• **DATASET RECORDS**:
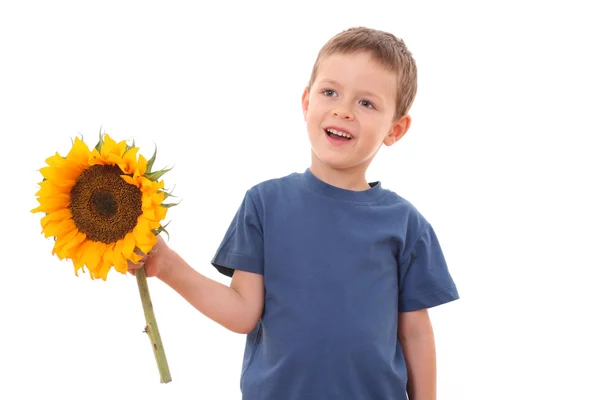 Sonnenblume für Sie — Stockfoto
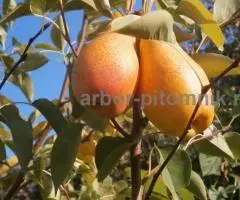 Плодовые деревья из питомника, саженцы крупномеры - 2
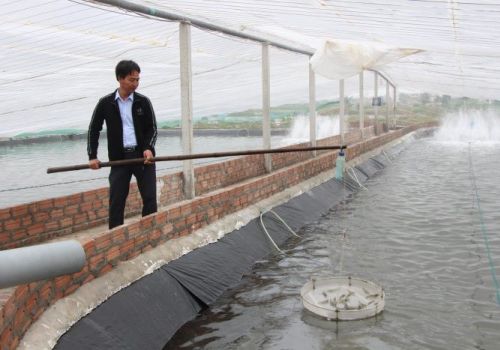 Cấp mã số cơ sở nuôi tôm: Cần đẩy nhanh hơn nữa để tạo đà tăng tốc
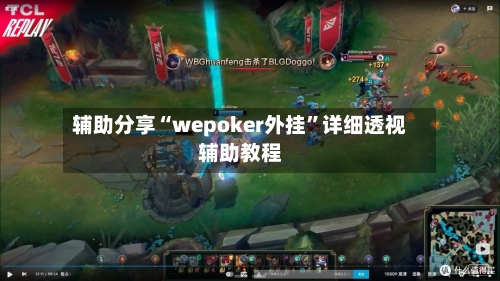 辅助分享“wepoker外挂	”详细透视辅助教程-第2张图片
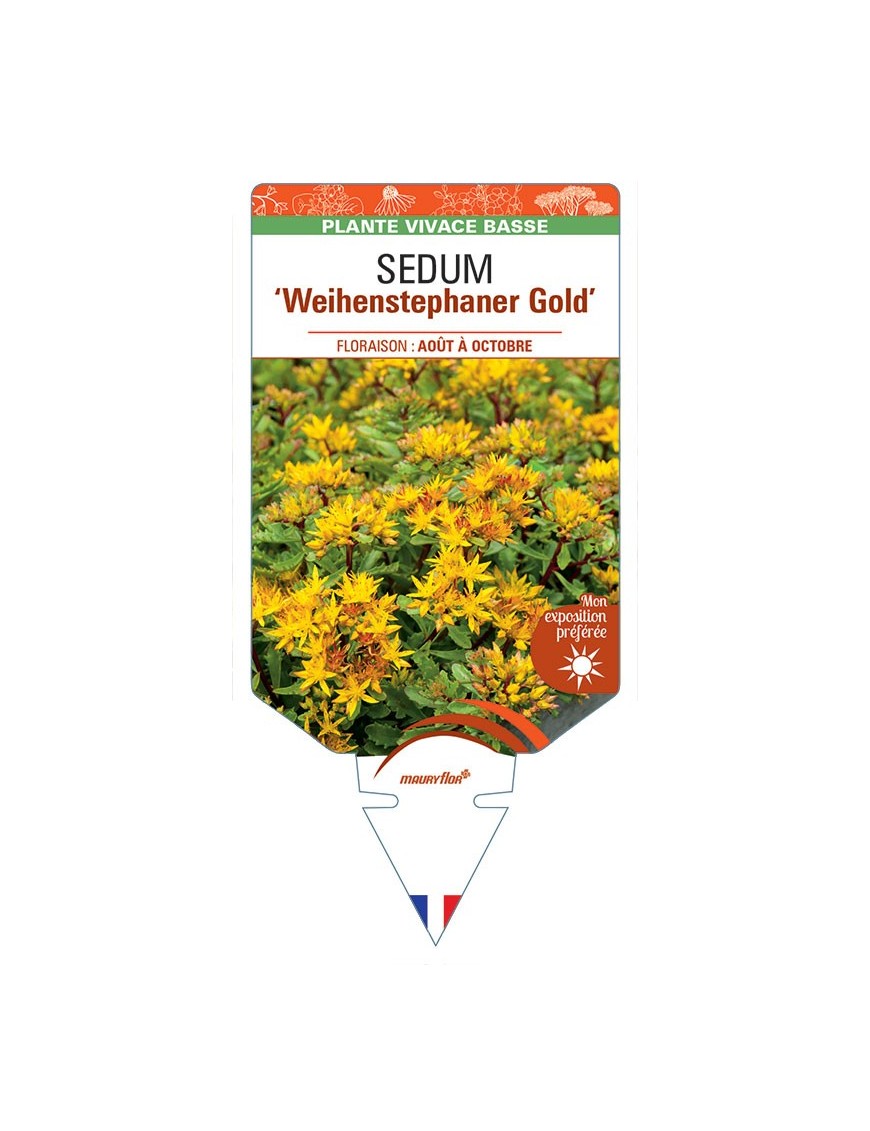 SEDUM (floriferum) 'Weihenstephaner Gold' *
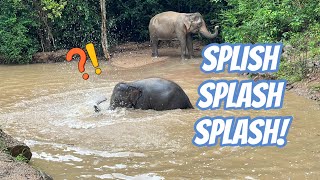 Baby Elephant Haven Really Loves To Be In The Water! The Elefish!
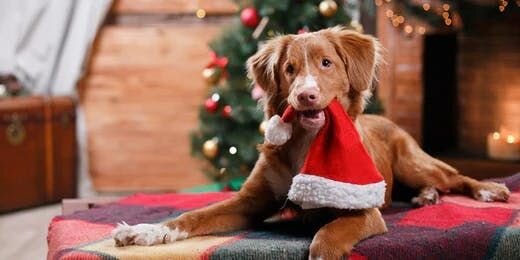 Your Dog and Holiday Guests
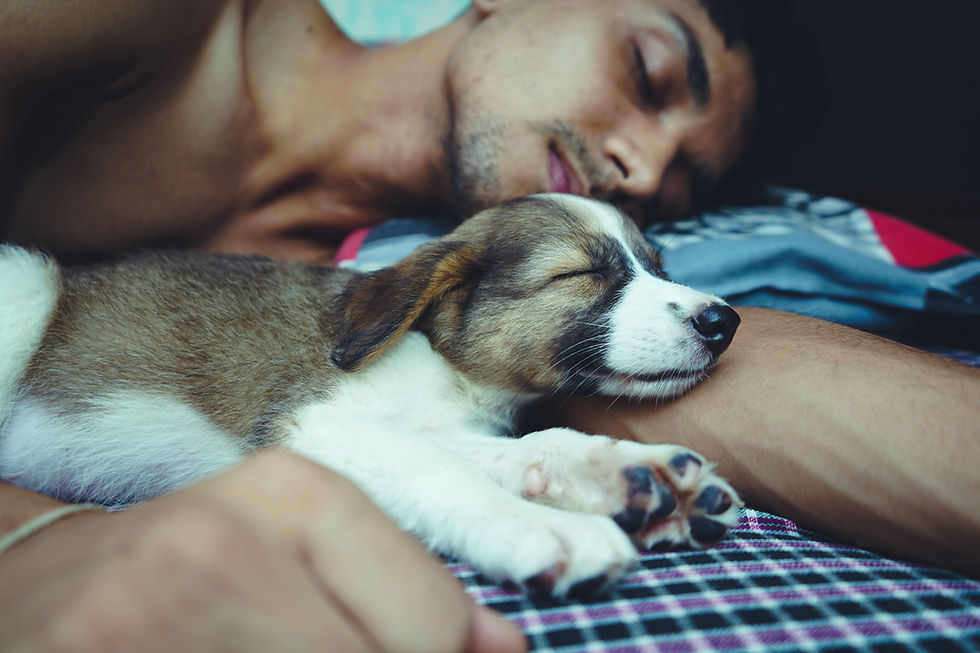 Sleep better tips, sleep better tips, can not sleep at night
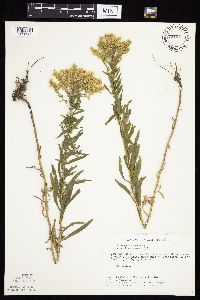 Solidago altissima gilvocanescens image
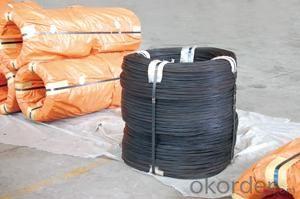 BLACK ANNEALED WIRE System 1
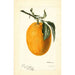 Citrus sinensis Joppa - Deborah Griscom Passmore — artwork view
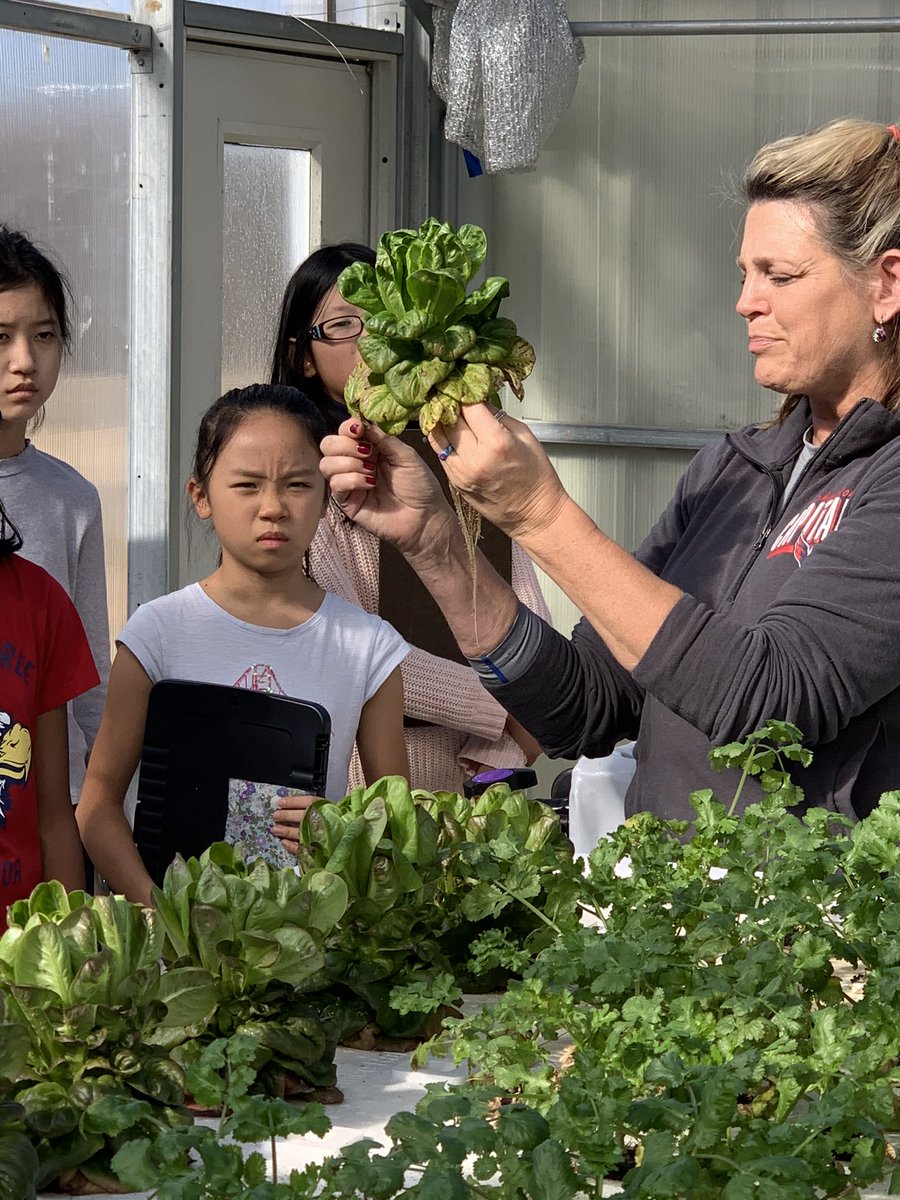 TeachCSPhanatic's tweet photo. Our students will be making their own aquaponic/hyrdroponic system in school so learning how a 21st Century farm utilizes technology &amp; current practices is invaluable advice &amp; information as they design &amp; build their own systems. #BellaVitaFarm @RCMSPrincipal @rcmscentercoor1 https://t.co/E15qNKXqhU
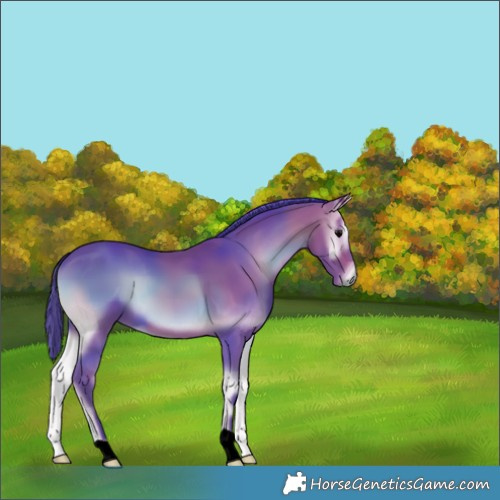 Horse Color:Watercolor Bay Onyx 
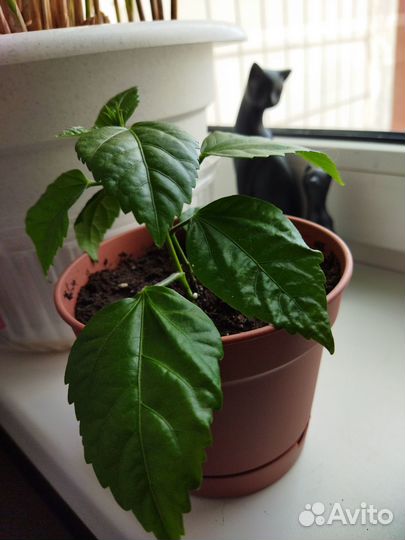 Продам цветы комнатные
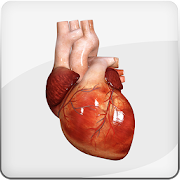 HeartMate 3™ LVAD AR App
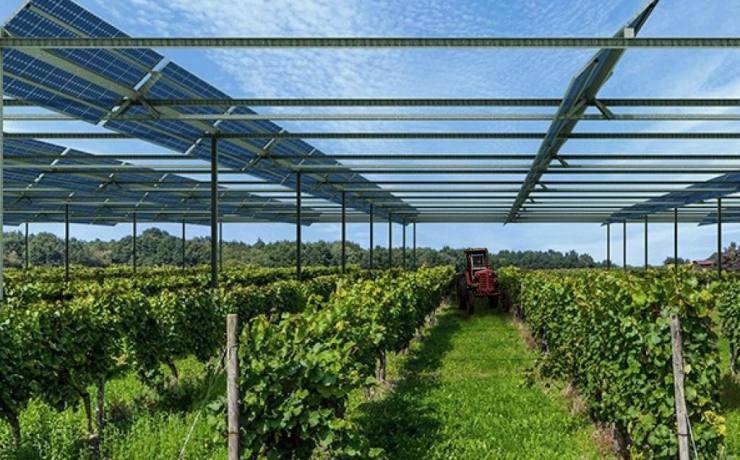 Champ agri voltaïque avec un tracteur rouge au fond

• **EXERCISE GOAL**: Restate the records in full and word for word, but keep the pictures out.

• **THE COMPLETED TASK**:
 Sonnenblume für Sie — Stockfoto
 Плодовые деревья из питомника, саженцы крупномеры - 2
 Cấp mã số cơ sở nuôi tôm: Cần đẩy nhanh hơn nữa để tạo đà tăng tốc
 辅助分享“wepoker外挂	”详细透视辅助教程-第2张图片
 SEDUM (floriferum) 'Weihenstephaner Gold' *
 Baby Elephant Haven Really Loves To Be In The Water! The Elefish!
 Your Dog and Holiday Guests
 Sleep better tips, sleep better tips, can not sleep at night
 Solidago altissima gilvocanescens image
 BLACK ANNEALED WIRE System 1
 Citrus sinensis Joppa - Deborah Griscom Passmore — artwork view
 TeachCSPhanatic's tweet photo. Our students will be making their own aquaponic/hyrdroponic system in school so learning how a 21st Century farm utilizes technology &amp; current practices is invaluable advice &amp; information as they design &amp; build their own systems. #BellaVitaFarm @RCMSPrincipal @rcmscentercoor1 https://t.co/E15qNKXqhU
 Horse Color:Watercolor Bay Onyx 
 Продам цветы комнатные
 HeartMate 3™ LVAD AR App
 Champ agri voltaïque avec un tracteur rouge au fond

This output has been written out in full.